Integer programming formulations applied to optimal allocation in stratified sampling 1. IntroductionInteger programming formulations applied to optimal allocation in stratified sampling 1. Introduction

A large part of the statistics produced by official statistics agencies in many countries come from sample surveys. Such surveys have a well-defined survey population to be covered, including the geographic location and other eligibility criteria, use appropriate frames to guide the sample selection, and apply some well-specified sample selection procedures. The use of ‘standard’ probability sampling procedures enables producing estimates for the target population parameters with controlled precision while having data from typically small samples of the populations, at a fraction of the cost of corresponding censuses.

When designing the sampling strategy, the survey planner often seeks to optimize precision for the most important survey estimates given an available survey budget. Stratification is an important tool that enables exploring prior auxiliary information available for all the population units by forming groups of homogeneous units, and then sampling independently from within such groups. Thus stratification is very frequently used in a wide range of sample surveys.

Here we focus on element sampling designs (Särndal, Swensson and Wretman 1992) where the frame consists of one record per population unit, and besides identification and location information, some auxiliary information is also available for each population unit. Stratified sampling involves dividing the $N$ units in a population $U$ into $H$ homogeneous groups, called strata. These groups are formed considering one (or more) stratification variable(s), and such that variance within groups is small (the stratum formation problem).

Given a sample size $n,$ once the strata are defined the next problem consists of specifying how many sample units should be selected in each stratum such that the variance of a specified estimator is minimized (the optimal sample allocation problem). When interest is restricted to estimating the population total (or mean) for a single survey variable, the well-known Neyman allocation (see e.g., Cochran 1977) may be used to decide on the sample allocation. Although surveys which have a single target variable are rare, Neyman’s simple allocation formula may still be useful because the allocation which is optimal for a target variable may still be reasonable for other survey variables which are positively correlated with the one used to drive the optimal allocation.

When a survey must produce estimates with specified levels of precision for a number of survey variables, and these variables are not strongly correlated, a method of sample allocation that enables producing estimates with the required precision for all the survey variables is needed.
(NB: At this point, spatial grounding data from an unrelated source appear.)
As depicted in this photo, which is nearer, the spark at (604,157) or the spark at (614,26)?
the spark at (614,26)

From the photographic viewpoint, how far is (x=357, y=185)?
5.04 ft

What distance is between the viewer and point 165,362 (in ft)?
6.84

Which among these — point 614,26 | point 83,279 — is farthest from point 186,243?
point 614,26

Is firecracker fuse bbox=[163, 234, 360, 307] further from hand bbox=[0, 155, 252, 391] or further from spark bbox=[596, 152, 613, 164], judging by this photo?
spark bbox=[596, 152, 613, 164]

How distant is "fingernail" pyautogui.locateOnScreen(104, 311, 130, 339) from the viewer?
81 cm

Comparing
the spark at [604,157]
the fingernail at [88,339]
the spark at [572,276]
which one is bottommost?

In this case, we have a problem of multivariate optimal sample allocation.

According to the literature, in such cases the allocation of the overall sample size $n$ to the strata may seek one of the following goals:

the total variable survey cost $C$ is minimized, subject to having Coefficients of Variation (CVs) for the estimates of totals of the $m$ survey variables below specified thresholds; or
a weighted sum of variances (or relative variances) of the estimates of totals for the $m$ survey variables is minimized.

Note that the CV is simply the square root of the relative variance.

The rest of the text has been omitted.